Under Article 260(3) of the Constitution of Pakistan Ahmadis are considered ‘non-Muslim’.[9] Ahmadis are persecuted across the Muslim world but in my view no place more so than Pakistan. Under Ordinance XX since 1984 Ahmadis have been disallowed to publicly practice the Islamic faith and the Ordinance prohibits them from identifying as Muslim.[10] Consequently, an uttering of the word ‘salaam’, meaning peace, is a crime when spoken from the lips of an Ahmadi punishable by imprisonment. These laws have shaped societal sensibilities and mentalities in Pakistan to the point where a man deemed by some to be a future Nobel laureate in his field is judged not according to his merits but his faith. 

The restriction on freedom to practice one’s faith with liberty is not pertinent across the entire subcontinent. In the case of Shihabuddin Imbichi Koya Thangal vs K.P. Ahammed Koya the Indian Courts ruled contrary to their subcontinent counterpart declaring Ahmadis as Muslims.[11] The Court cited that Ahmadis believe in what the Court considered the two fundamental principles of Islam, namely that there is no God but Allah and that Muhammad is his messenger.[12] Man has long cultivated his relationship with the divine into his legal affairs, yet this instance marks a precedence where a Court has had to regulate ‘religion’ and the ’religious’. 

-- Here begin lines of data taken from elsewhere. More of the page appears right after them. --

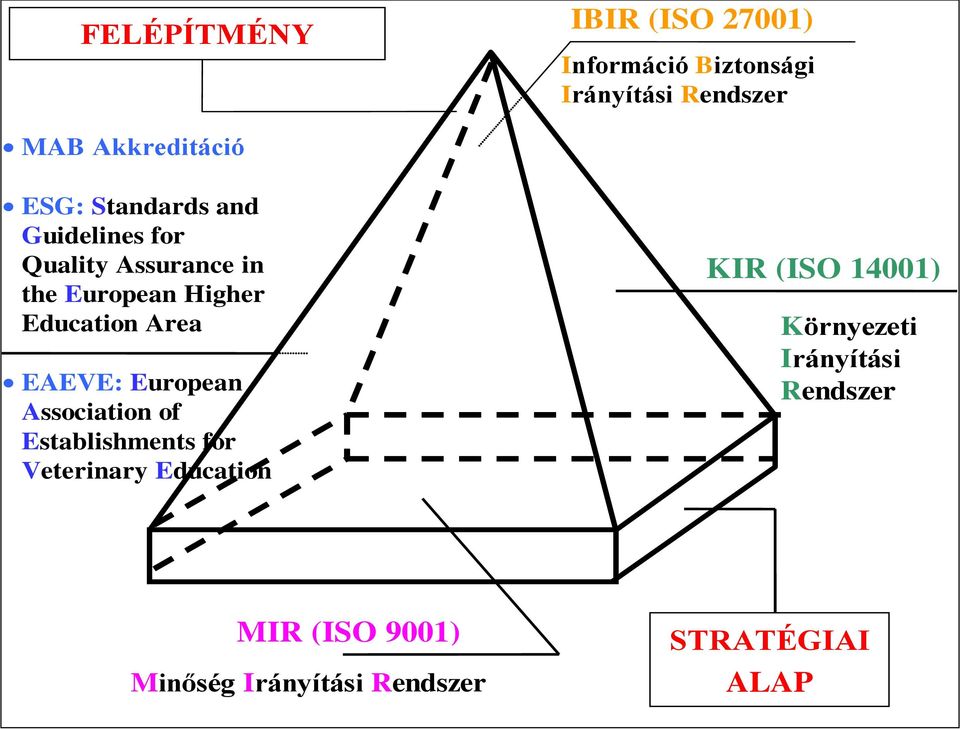 Area EAEVE: European Association of Establishments for Veterinary Education KIR (ISO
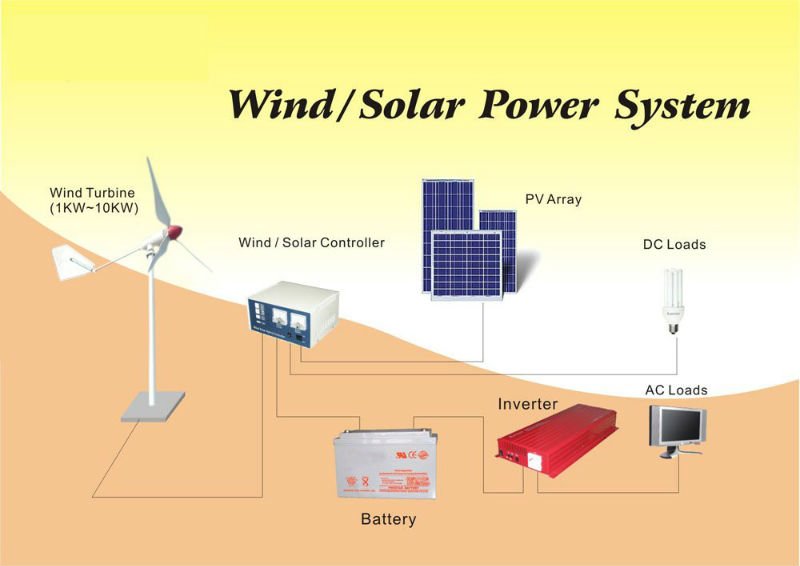 SustainableEveryDay: Hybrid Solar & wind energy system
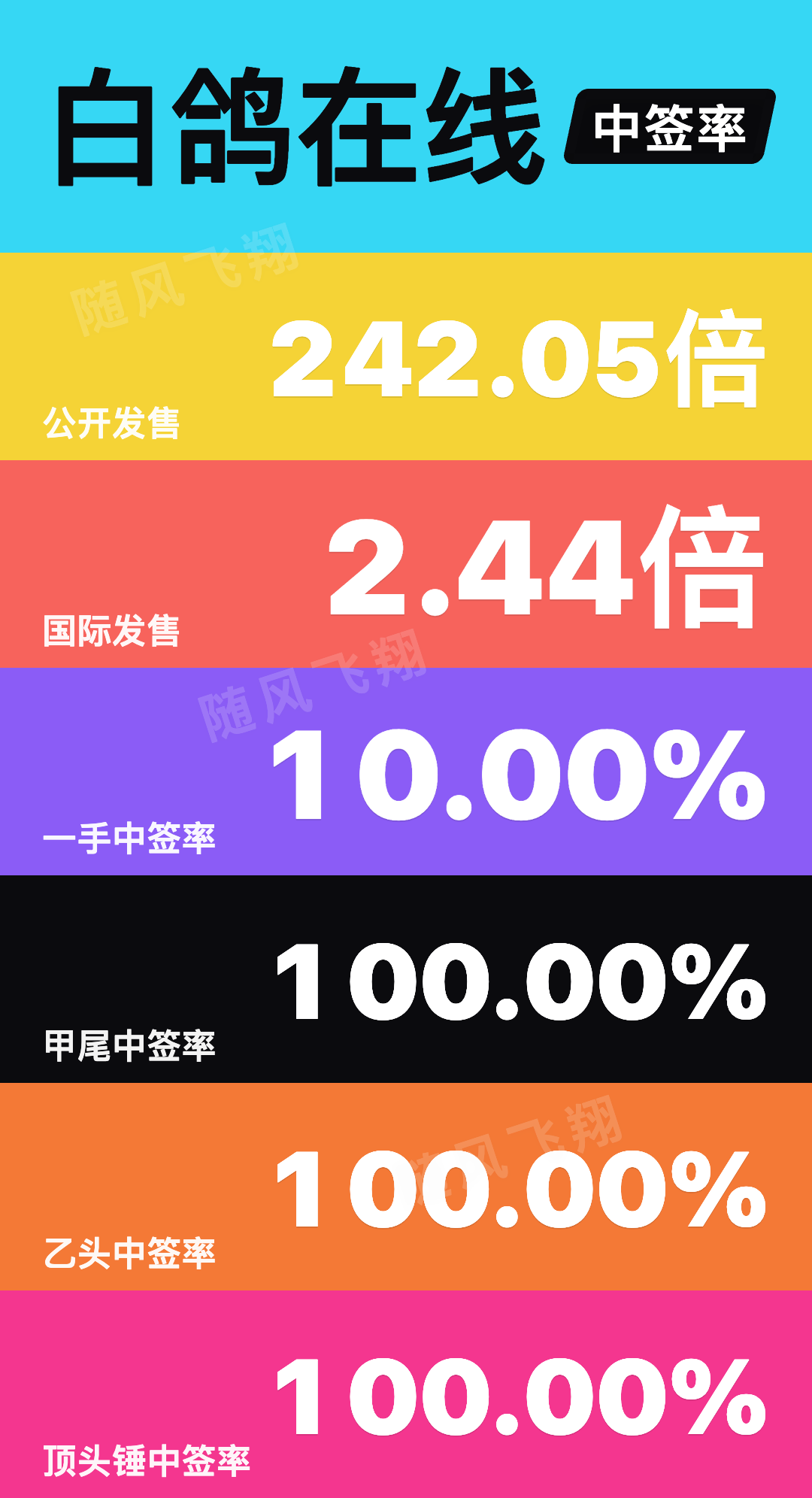 图片 1，共 2 张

Islamization-The Shift to Theocracy

The Ahmadi issue is one which is and has been intrinsically politicised in the country. The justification largely used for the discrimination is a difference in ideology, which is not the concern of this article. What is important to understand is that Islamisaztion under President Zia-ul-Huq in the 1980s brought about stricter ‘sharia’ law breeding a generation of conservatist thought.[13] The biproduct of these measures led to an increased stringent culture against anything that was not in Zia’s view ‘Islamic’. Ziad led Pakistan on a trajectory of a pointed theocracy. Ahmadis with their ‘conflicting beliefs’ are a ‘threat’ hence the constraints on their freedom to practice their religion. It is also important to highlight that the country was not always as such. Zia along with Zulfikar Ali Bhutto, PM from 1973 to 1977, radically shifted the nation. Zafarullah Khan, a now forgotten treasure, a successful jurist serving as head of the International Court of Justice served as the country’s first Foreign Minister.[14] That was before Zia and Zulfikar. Mian Atif’s appointment by Khan a few years ago for that reason demonstrates the drastic shift from Ahmadi’s serving in government to a stern theocratic condition.

Intolerance 

The struggle of the balance in liberty and Islam is not novel issue. Rushdie’s publication of The Satanic Verses is one such infamous example. More recently, the murder of Mashal Khan at a University Campus in Pakistan, who was promoting Marxist propaganda and freedom of speech, is an example of discrimination not just against one’s religion but against many human rights- He was mobbed, kicked, beaten and murdered.[15] This happened not all that long ago in 2017. In a country where education is a privilege, not a right, the unsettling actions of the intellectual elite, give an indication about the rest of the society. 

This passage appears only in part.